In this article I’ll be reviewing the most recent NPA overlay announcement from the North American Numbering Plan Administration (NANPA) and more generally, I’ll be discussing what it means if an NPA overlay is announced within your state – what will happen, and what does an affected telco need to do about it?
A couple of weeks ago the North American Numbering Plan Administration (NANPA) announced that they will soon be adding a new area code 341, and that this new NPA will overlay the 510 NPA that covers Alameda (where I live), Oakland and a few other cities in the East Bay. I have to assume that there are so many people living in Alameda County that we’re in danger of running out of phone numbers in the 510 number block, and so NANPA want to provide phone numbers to cope with the population growth.
[As an aside, some simple math tells me that between 510-200-0000 and 510-999-9999 there are approximately 8 million numbers available (it’s not quite that simple I realize), which seems like it should be plenty considering that the combined populations of Alameda County and Contra Costa County (per Wikipedia) are around 2.8M people (as of 2015) – and since the 510 area code doesn’t even cover the entirety of the two counties. However obviously many people have more than one number (home, work, cell), and then there is some inefficiency in usage, since many businesses will own a block of numbers and then maybe not use them all.]
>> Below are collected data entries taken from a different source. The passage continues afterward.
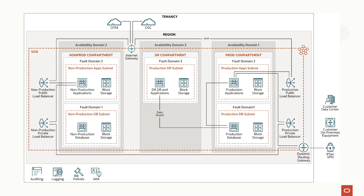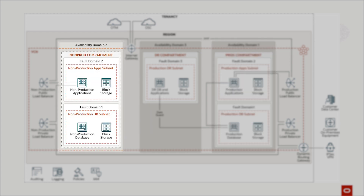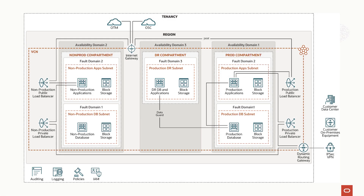Looking at the diagram, we have three availability zones. Availability zone one on the right is the production compartment. Zone two on the left is the non-prod compartment comprising both dev and test environments. And zone three in the middle is the disaster recovery compartment. Our design team did a fabulous job adopting what Oracle has to offer. I would like to highlight three key components in the design: number one, network; number two, compute; and number three, load balancing.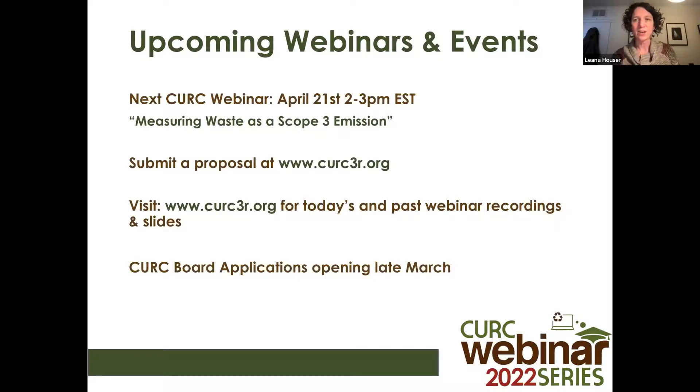Leanna thanks all six panelists — Kevin, Colleen, Amber, Tina, Ellie, and Izzy — for their wonderful presentations and looks forward to seeing attendees at another CURC webinar. After the formal close, remaining attendees and panelists discuss unanswered Q&A questions and how to capture them, with plans to leave the Zoom open to continue answering in writing.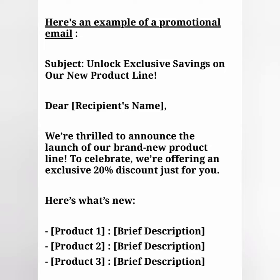Do you have any idea how to write an email? If no, here is an example of a promotional email — how to promote something that's new. Subject: Unlock exclusive savings on our new product line.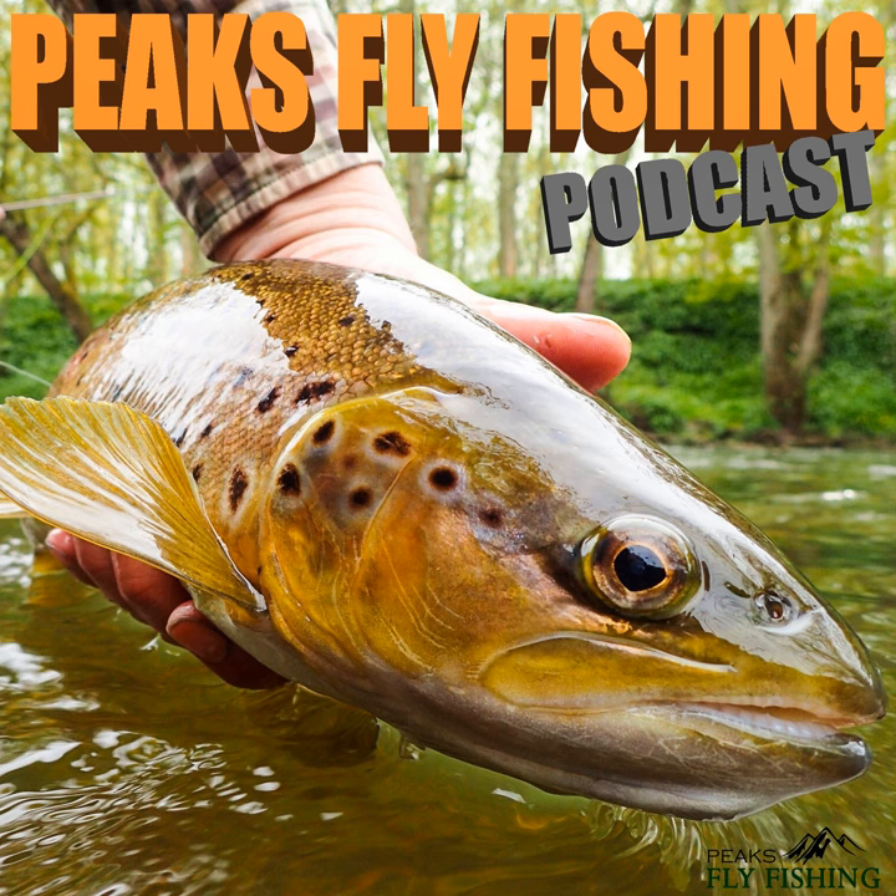Good morning everyone and welcome to another podcast. A bit of a change this week — it's absolutely foul outside, it's sleeting, it's cold, the rivers are high and brown. I'm full of cold, so instead of venturing out I'm tucked away in my office, the wood burner's on, I've got a couple of dozing dogs next to me. It's exactly a year since I started the podcast, so I've chosen four of my absolute favourite podcast moments from last year.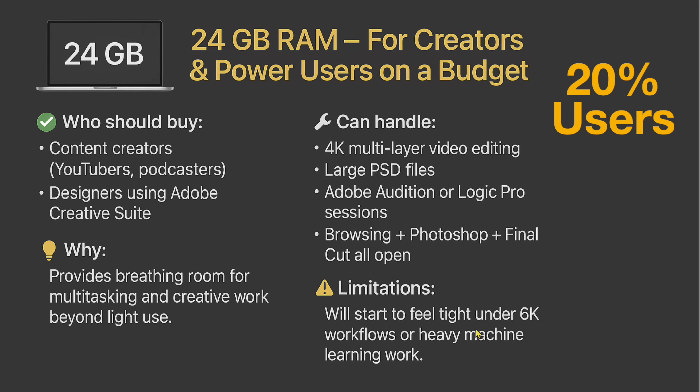The limitation at 24 gigs is you'll start to feel tight under 6K workflows or heavy machine learning like local LLMs. But overall, 24 gigs is where 20% of users should be. Combined with the 16-gig category, that's already 70% of users in just these two tiers, leaving only 30% of users across all the higher RAM options.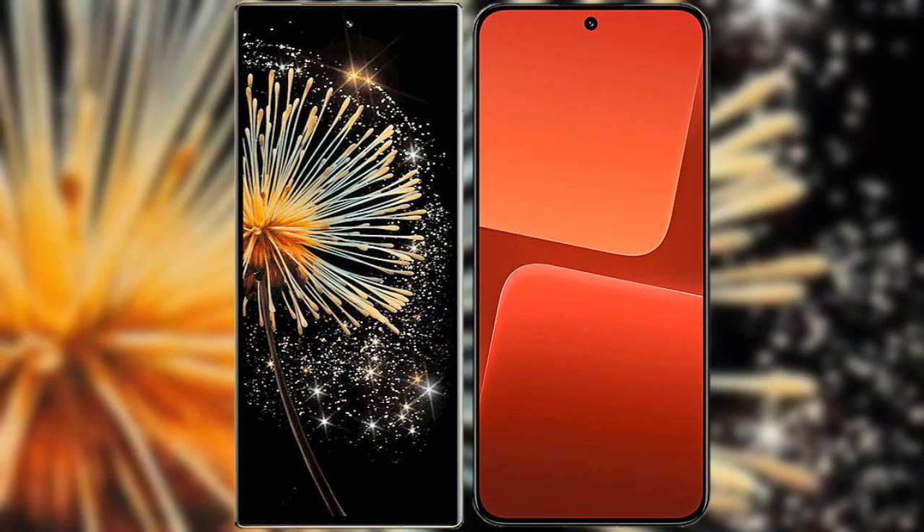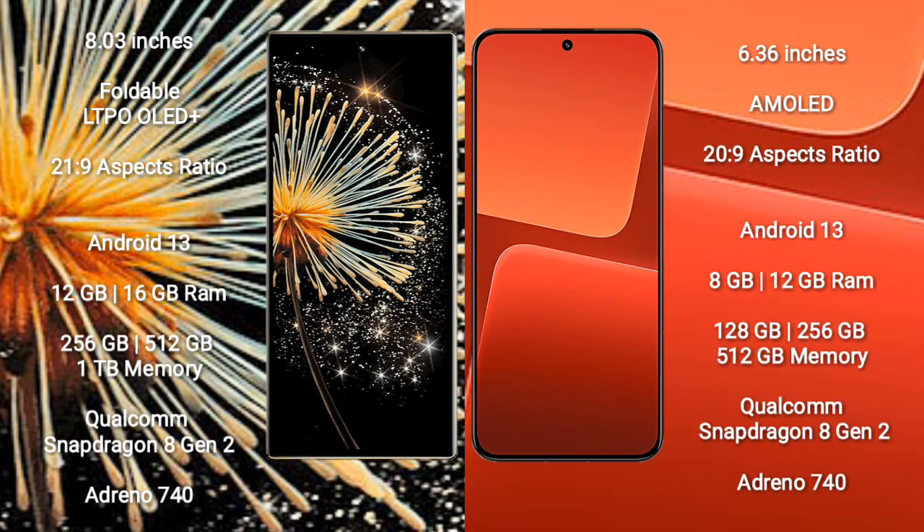I will compare the new Xiaomi Mix Fold 3 with Xiaomi 13. Xiaomi Mix Fold 3 comes with an 8-inch foldable LTPO OLED Plus display, aspect ratio 21x9. Xiaomi 13 has a 6.36-inch AMOLED display, aspect ratio 20x9.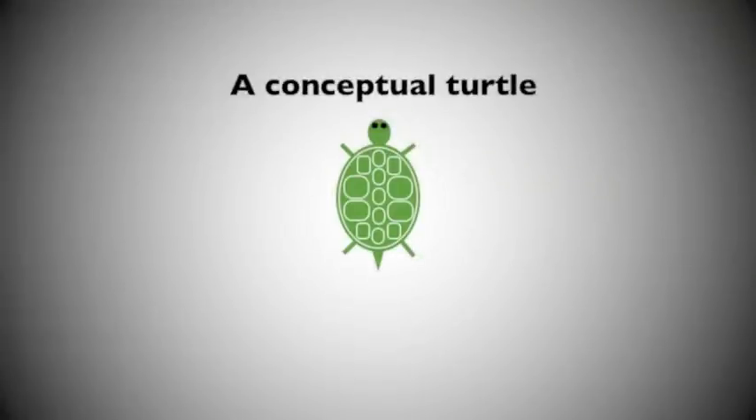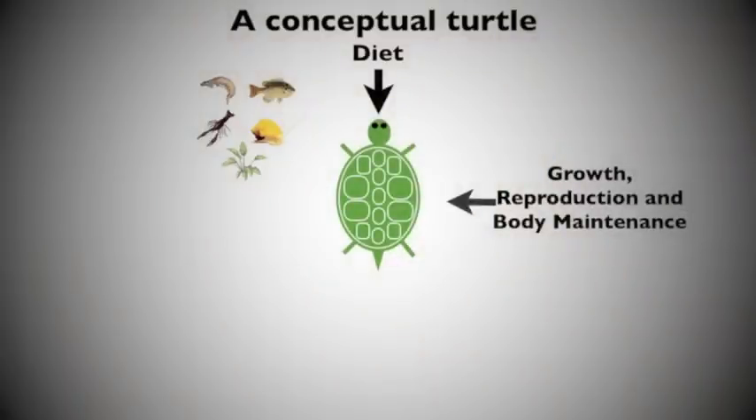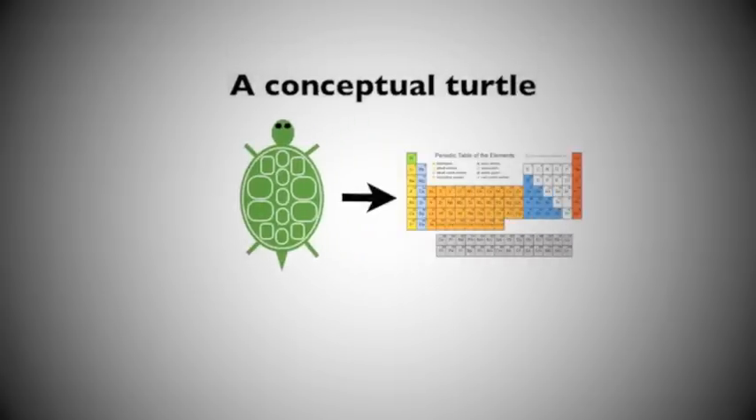So if we think of this turtle as our model, we can follow its nutrient cycling with several considerations. First, their diet is important because food items have different nutrient characteristics themselves. Turtles eat a variety of food from macroinvertebrates to mollusks to plant material. Secondly, it's important to remember that what turtles don't use from their diet for growth, reproduction, and body maintenance gets recycled back into their habitat through excreted wastes. I want to study all of these nutrient pathways through the common currency of ecosystem ecologists, which are the most common and limiting elemental nutrients: carbon, nitrogen, and phosphorus.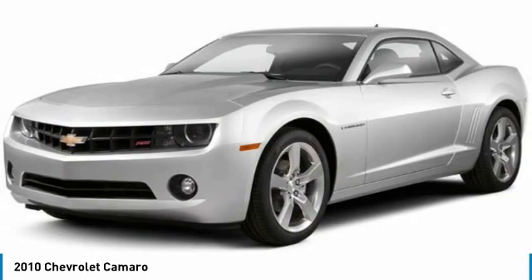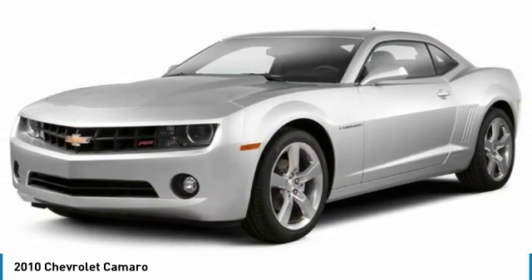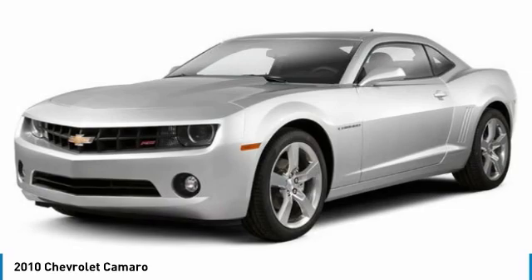This vehicle offers reliability and good looks at a great price. So come in and take a test drive today.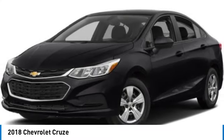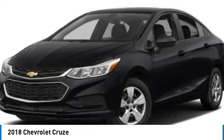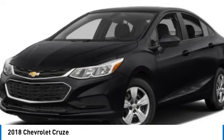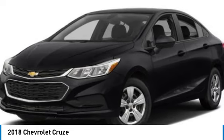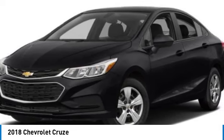You are going to love the 2018 Cruze. The Cruze blueprint calls for more than you'd expect. This vehicle has less than 60,000 miles. Here are some of this vehicle's great options.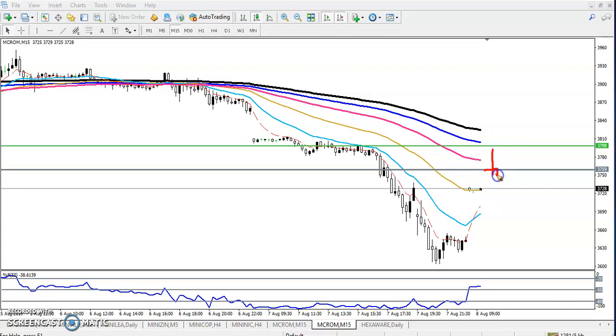Suppose I see an inverted hammer pattern here — I would place a sell order below it and my SL would be above the candle, applying proper money management. This SL distance is 1R, and my target would be around 1.5 to 2R from the entry, somewhere here.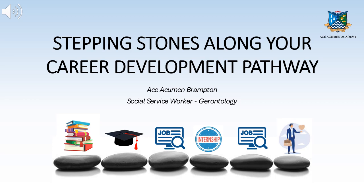Hello everyone, welcome to today's presentation: Stepping Stones Along Your Career Development Pathway.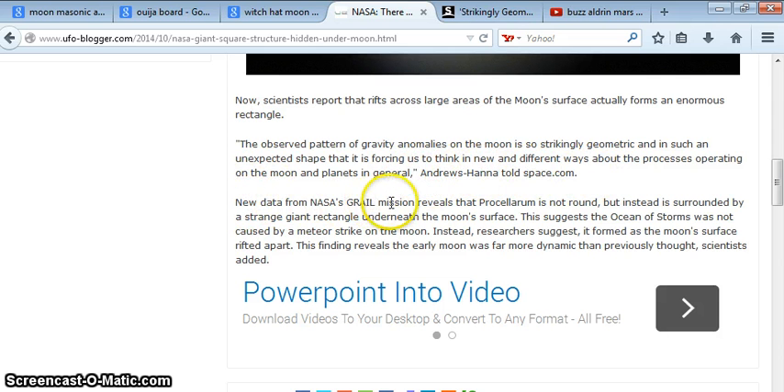New data from NASA's GRAIL mission reveals that Procellarum is not round but instead is surrounded by a strange giant rectangle underneath the moon's surface. This suggests the ocean of storms was not caused by a meteor strike on the moon; instead it formed as the moon's surface ripped apart. This finding reveals the early moon was far more dynamic than previously thought, scientists added.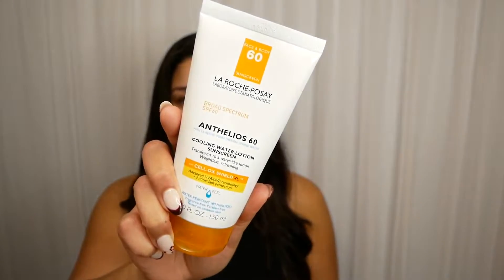Let's start with my sunscreen. I do not do my makeup without this, and I'm currently obsessed with the La Roche-Posay Broad Spectrum SPF 60. This stuff is so good.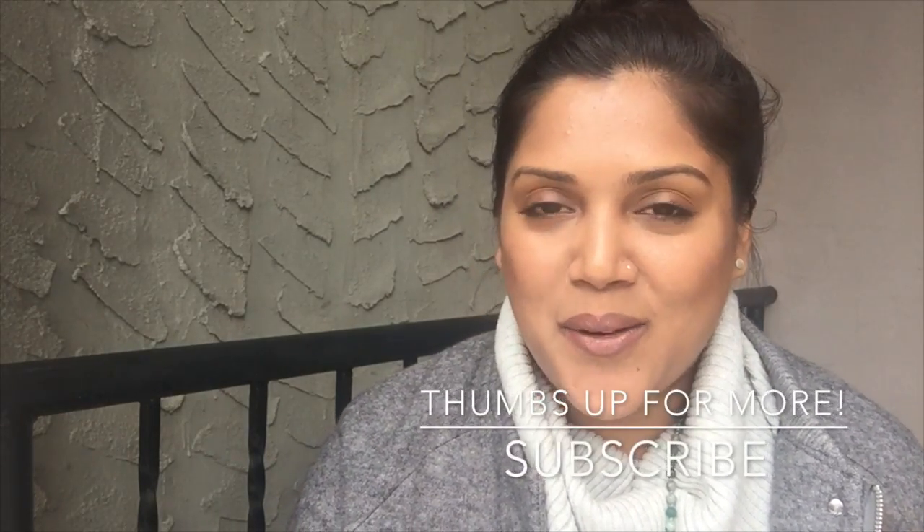Those are my five tips and I hope you guys try them out. Let me know in the comments what you think. I would love it if you subscribe to the channel and like the video if you'd like to see more. Until the next video, thank you so much for watching and always keep glowing. Bye!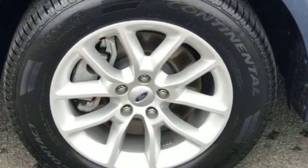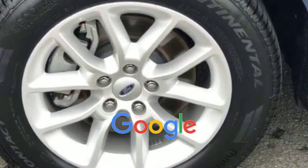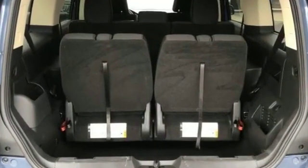Stability control is also included. This is a top-rated dealer — make an appointment today to test drive this popular model.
In any case, NANPA is projecting that there’s a risk of running short of numbers, and so they’ve planned an NPA overlay. This isn’t a particularly unusual event – NANPA usually adds a handful of new NPAs every year as the demand for phone numbers in an area grows – but I thought I’d take this opportunity to dig deeper into NPA splits and overlays for those of you who haven’t experienced one first hand (and perhaps may be affected by one in the future).
The first time I came across the idea of the expanding numbering plan was in 2007 when the the authorities decided to split the 505 NPA (which had previously covered all of New Mexico) and refocus those numbers on the the big cities and the north-western part of the state, and create a new 575 NPA that would be used everywhere else.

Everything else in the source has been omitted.